How do you measure equal pay?  Is it the employee’s base salary?  Or is it the employee’s total compensation?

A recent Fourth Circuit case, Sempowich v. Tactile Systems Technology, Inc., answered this question. In Sempowich, a female employee and her male peer were both paid a base salary and also earned commission income based on sales. The male employee was paid a higher base salary in 2015, 2016, and 2017 (even though he had less seniority and lower performance review scores). However, Ms. Sempowich’s total earnings in 2016 and 2017 were more than the male employee’s because she received more in sales commissions.

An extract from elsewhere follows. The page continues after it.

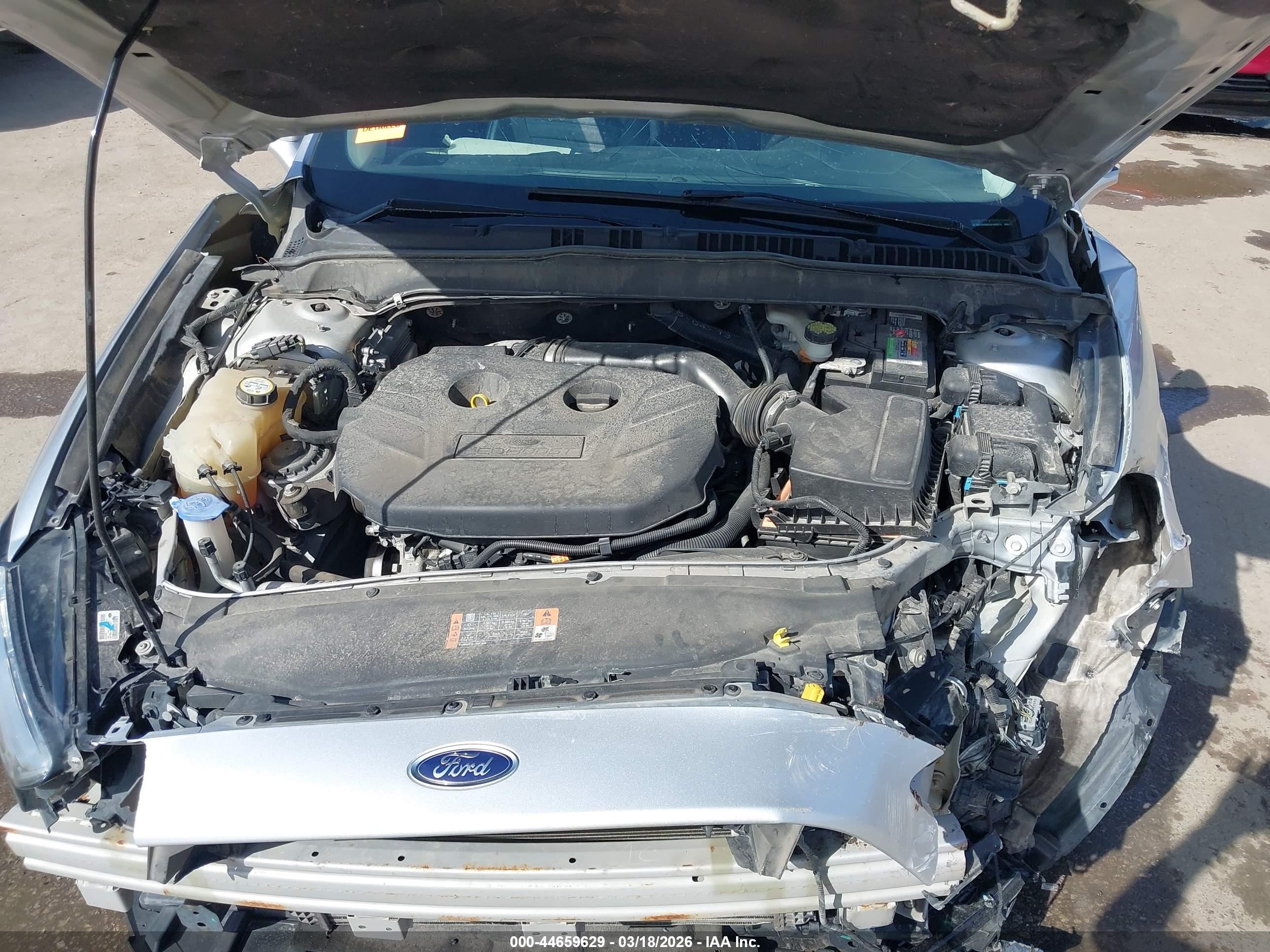 FORD FUSION image 10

When she sued, the district court used her “total wages” as the metric for determining wage discrimination under the Equal Pay Act. Because Ms. Sempowich had earned more in total wages in those two years, the court dismissed her Equal Pay Act claim.

Ms. Sempowich appealed and argued that the proper measurement was the “rate” at which her employer paid her—the base salary.

The Fourth Circuit agreed—based on the text of the Equal Pay Act. The statute says an employer may not “discriminate … between employees on the basis of sex by paying wages to employees … at a rate less than the rate at which he pays wages to employees of the opposite sex.” 

This statutory language says nothing about “total wages.” Instead, it focuses on the wage rate. Here, Ms. Sempowich’s base salary was lower than her male peer’s base salary. So, she was paid at a rate lower than her male peer. Because of that, the Fourth Circuit found that the district court erred in dismissing her claim.

To drive home this conclusion, the Fourth Circuit used a hypothetical to demonstrate why total pay cannot be the proper point of comparison. Assume a company pays a woman $10 per hour and a man $20 per hour. If total wages is the measure of pay, the company would not violate the Equal Pay Act if the woman earned more than the male employee—even though she would have to work twice as many hours to do so. A woman should not have to work twice as many hours to make the same money.

That makes sense. A company cannot say it pays its employees equally if one employee has to work twice as many hours to make the same money. Likewise, that a female employee earned more in commissions than her male peer should not mean that her employer did not discriminate against her by paying her a base salary lower than her male peer.

This seems to be a common-sense conclusion. Unfortunately, it was not to a district judge in North Carolina. Fortunately, the Fourth Circuit caught and fixed this error.

Pay issues can be tricky, but the rate of pay is the starting point for any pay discrimination analysis—not total pay. It is good to have clarity on that point.